La notion de « texte intégral »

Lorsque le Livre de Poche est apparu, en 1953, la maison Hachette, qui en était l’éditrice et l’avait introduit en France sur le modèle du paperback américain, prit immédiatement soin de préciser sur les couvertures : « Texte intégral ». Ce qui paraît aller de soi mais il faut savoir qu’à l’époque, il existait, notamment pour les romans, des adaptations condensées de textes parus auparavant dans des éditions plus sérieuses.

Je m’interroge sur ce qu’est devenue cette notion, en ce qui concerne deux recueils de textes de Léo Ferré.

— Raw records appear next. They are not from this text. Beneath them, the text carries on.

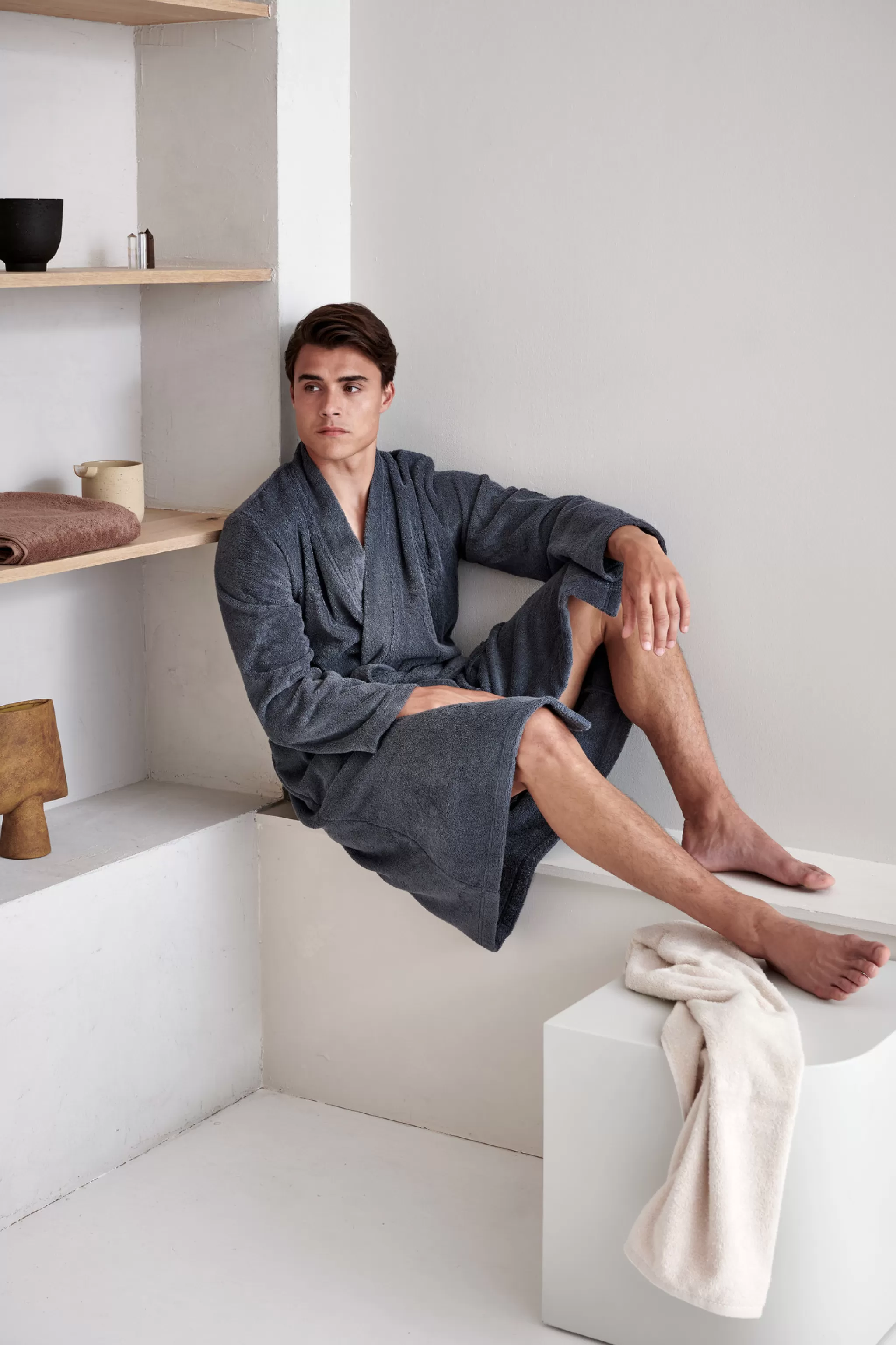 Vandyck Gentlemen*Bathrobe Toledo Color Oceanview (Bage22105)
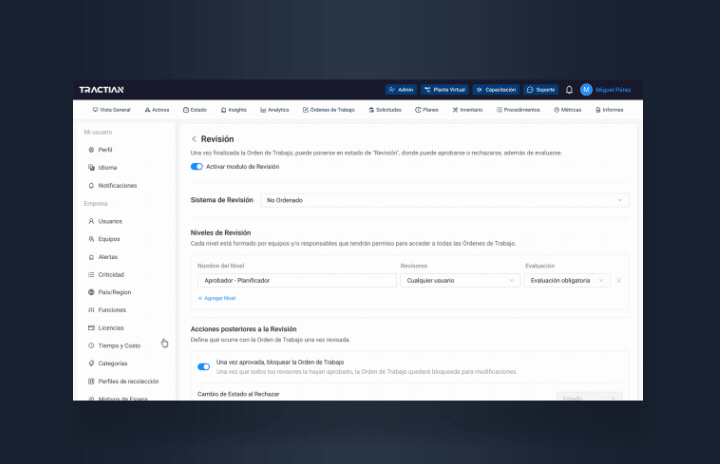 Revisiones de Órdenes de Trabajo Personalizadas para sus Operaciones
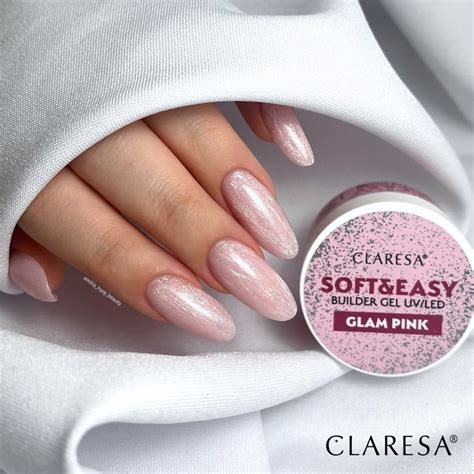 Żel budujący SOFT EASY builder gel glam pink 12g Claresa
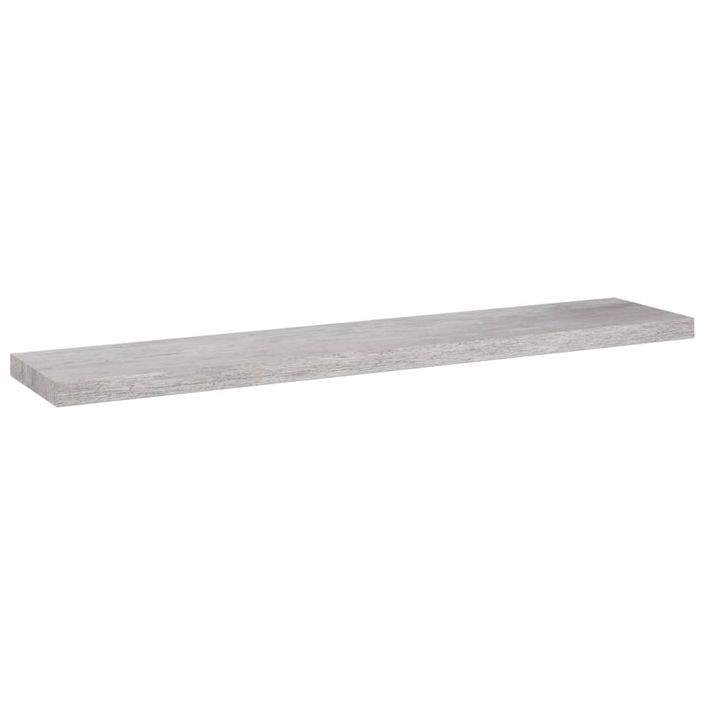 Étagère murale flottante Gris béton 120x23,5x3,8 cm MDF - Photo n°3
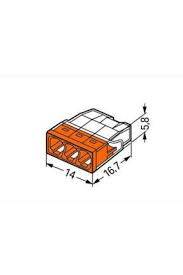 Wago 2273-203 100 Adet 3x2 5mm2 Buat Klemensi - 3
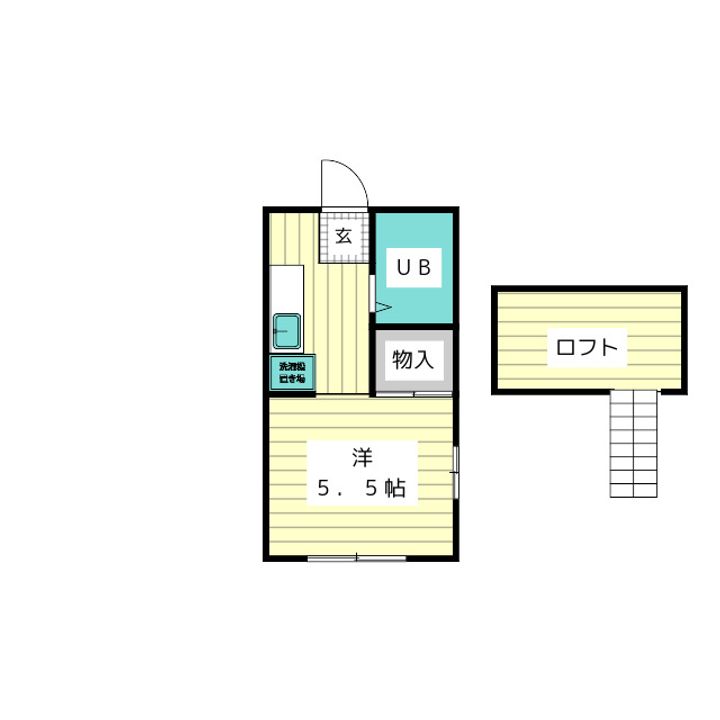 ハイツ極楽IIの間取り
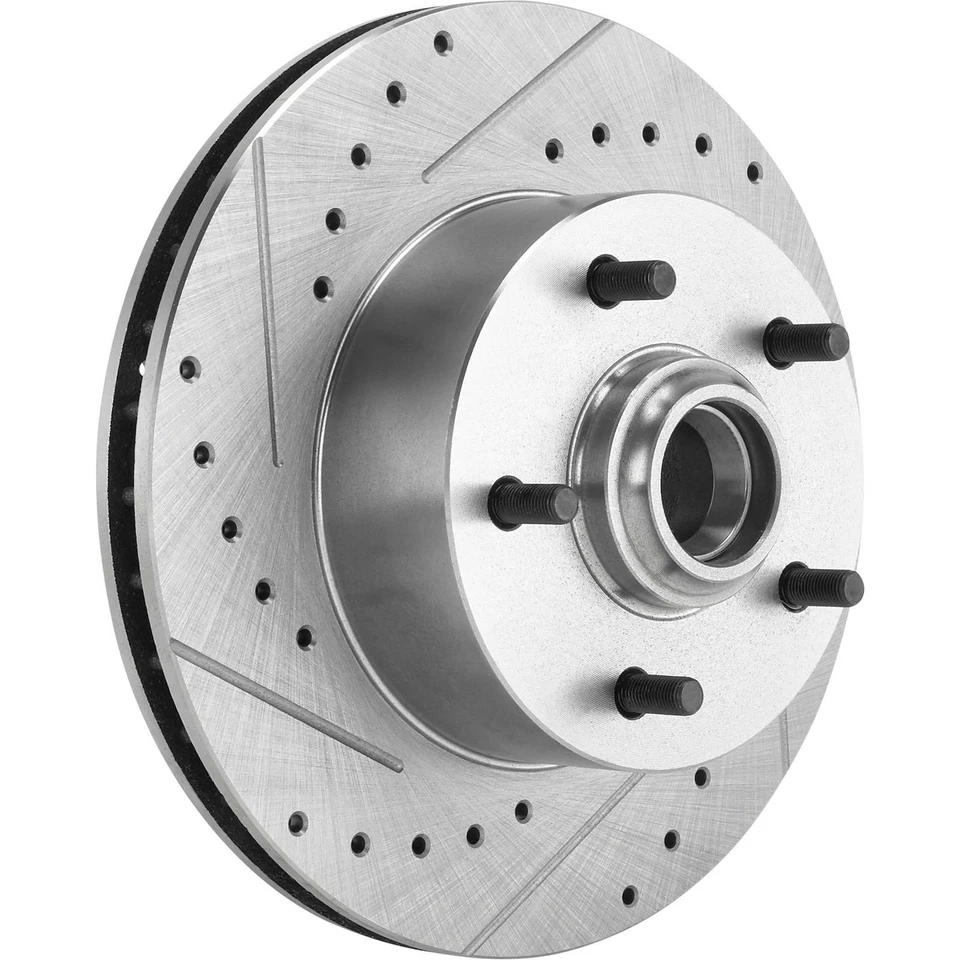 69-72 GM Drilled and Slotted Brake Rotors, 11 In., 5 on 4 3/4 BP - Image 4 of 4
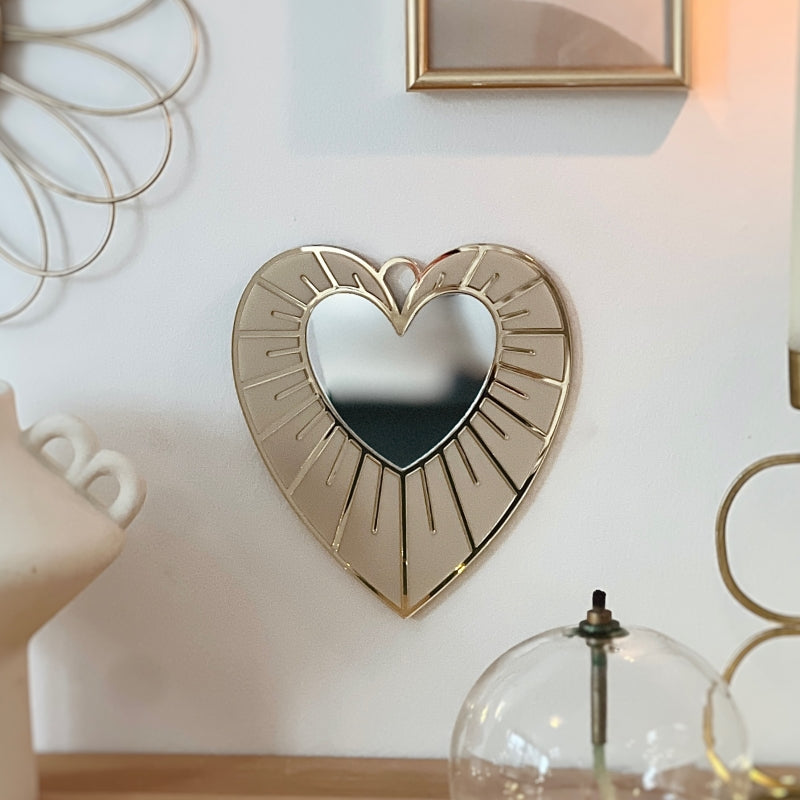 Décoration murale Coeur ex-voto beige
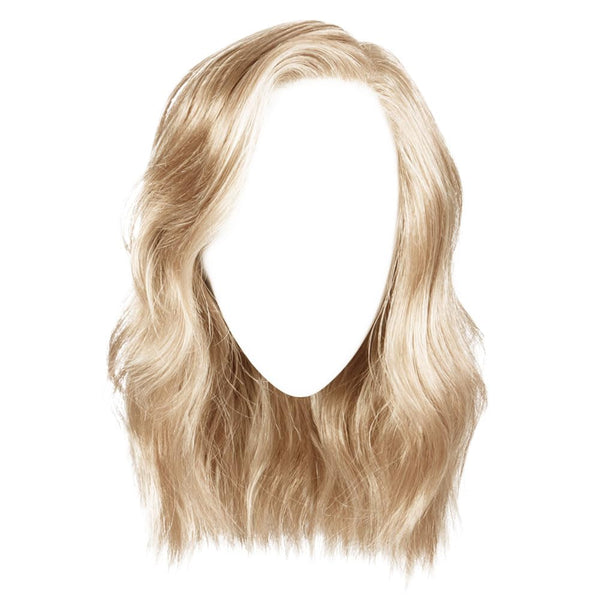 Gabor Love Wave Layered Shoulder-Length Wig With Soft Barrel Curled Waves by Hairuwear, Gjennomsnittlig hette, GL15-26SS smurt toast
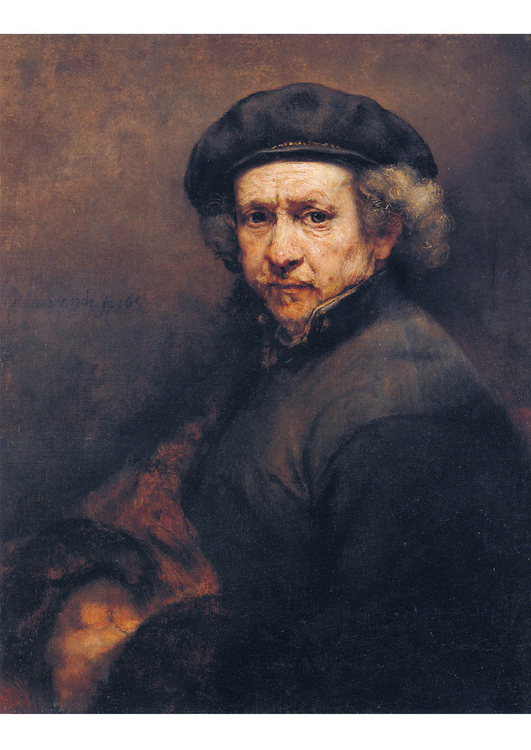 bilde Rembrandt - selvportrett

Il suffit de comparer les tables des matières pour constater qu’entre l’édition originale parue chez Édition n° 1 en 1993 et le tirage en Livre de Poche sous le numéro 9626, en 1995, le recueil La Mauvaise graine a un peu maigri. Les titres manquants sont, sauf erreur de ma part : Et vogue vogue la galère, Qui pourrait maintenant, Le Faux poète, L’Homme lyrique, Paris, Ma vieille branche, À la folie, La Vie moderne, La rue est la galaxie de l’outrage, L’Araignée, Au premier hibou de service, Demain, La Banlieue, Les Amants tristes, Alma Matrix, Et… basta !, Words… words… words…, Je vivais dans une sorte de malédiction confortable, Je parle à n’importe qui, L’Imaginaire, Ma vie est un slalom, Death… death… death…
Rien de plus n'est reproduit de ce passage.